Born in Brooklyn in 1930, McCourt returned to Limerick with his family at the age of four but moved back to New York when he was 19, working in a hotel and as a labourer before a brief stint in the US army as a dog trainer and a clerk in West Germany.

He started teaching in the late 1950s after earning a degree in English from New York University, using an unorthodox approach that encouraged pupils to grade their own work and urging them to draw on their own experience to write creatively.

It was not until he was in his 60s that McCourt took his own advice by telling the story of his tough upbringing in Limerick in Angela's Ashes, which sold more than six million copies, was translated into 32 languages and was made into a film. Two further best-selling memoirs followed – 'Tis in 1999 and Teacher Man in 2005.

In a full-page obituary yesterday, the New York Timessaid critics were "enchanted by McCourt's language and gripped by his story", delivering ecstatic reviews that turned him into an instant celebrity.
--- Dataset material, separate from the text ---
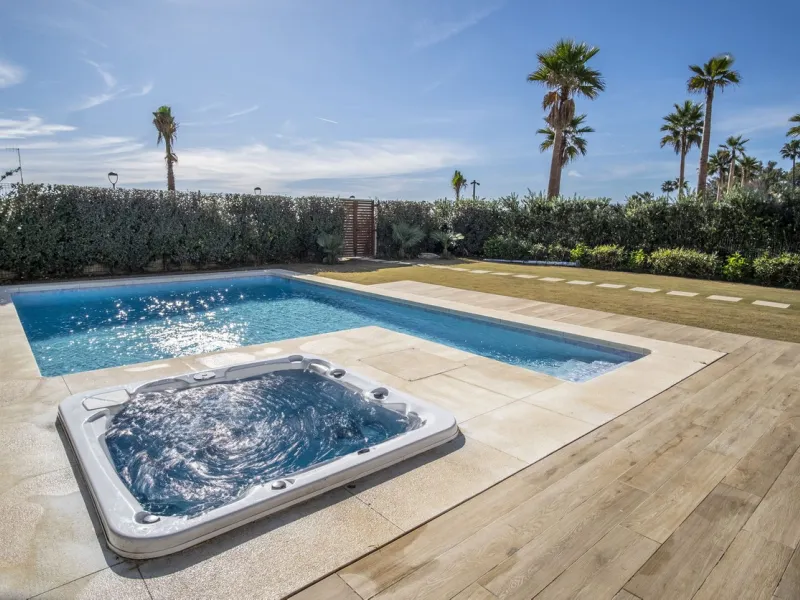 This modern, top-quality villa is located in Velaya Gardens, a prestigious frontline beach development on the New Golden Mile, just a short distance from Estepona town center via the new Paseo.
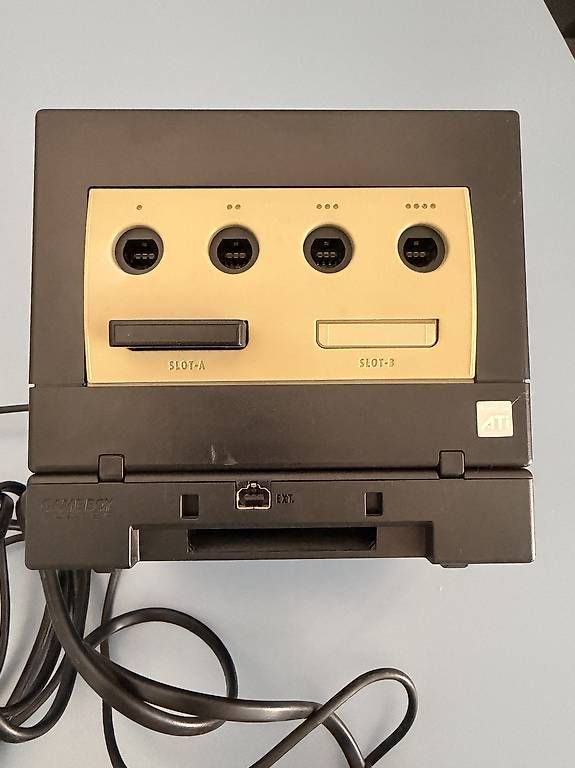 Nintendo Console: Nintendo GameCube mit Game Boy Player, 5 Controllern – Usato da Münchwilen AG venduto da stueli6 4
"The wonderful thing about Frank is that it didn't change him at all and he became a hugely beloved figure in New York, really because of his work on behalf of other writers," Irish Voicepublisher Niall O'Dowd said.

“I think what he was best known for was just being Frank, with this incredible, low-key, deadpan humour, a wonderful supporter for young writers. Success actually improved him, which is highly unusual in this world.”

McCourt was cremated yesterday and his family will have a private gathering in New York this week, followed by a public celebration of his life in September.